TURNA is an advanced Turkish language model developed by Bogazici University Computer Engineering Department TABILAB. Based on the UL2 framework, it represents a significant advancement in Turkish natural language processing, featuring 36 encoder-decoder layers and 16 attention heads. The model was trained on a diverse corpus including OSCAR, OPUS, and Wikipedia, making it particularly effective for both understanding and generation tasks.
Implementation Details
The model architecture is built with precision and scale in mind, featuring 1024-dimensional token embeddings and 2816-dimensional multi-layer perceptron layers with Gated GeLu activations. TURNA utilizes a unigram subword tokenizer trained on 10GB of text data, with a vocabulary size of 32,128 tokens (including special tokens).

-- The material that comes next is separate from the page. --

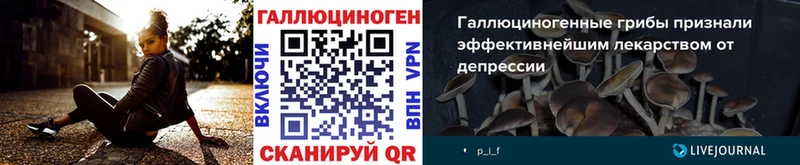 Псилоцибиновые грибы Magic Shrooms  Купить где  Анадырь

- Training completed over 1,740,000 steps with a batch size of 48
- Input and output lengths of 512 tokens
- Effectively processed 42.7B tokens during training
- Trained on TPU v3-8 machines through Google TPU Research Cloud
Core Capabilities
- Text generation and understanding in Turkish
- Paraphrasing and summarization
- Named Entity Recognition
- Part of Speech tagging
- Semantic Textual Similarity
- Natural language inference
- Text classification
Frequently Asked Questions
Q: What makes this model unique?
TURNA stands out for its specialized focus on Turkish language processing, outperforming multilingual models and competing with monolingual Turkish models in understanding tasks. Its architecture and training approach make it particularly effective for both comprehension and generation tasks.
Q: What are the recommended use cases?
The model is specifically designed for non-commercial academic research purposes, particularly suited for tasks involving Turkish language processing, including text generation, summarization, and various NLP tasks. It can be fine-tuned using the provided library for custom Turkish language tasks.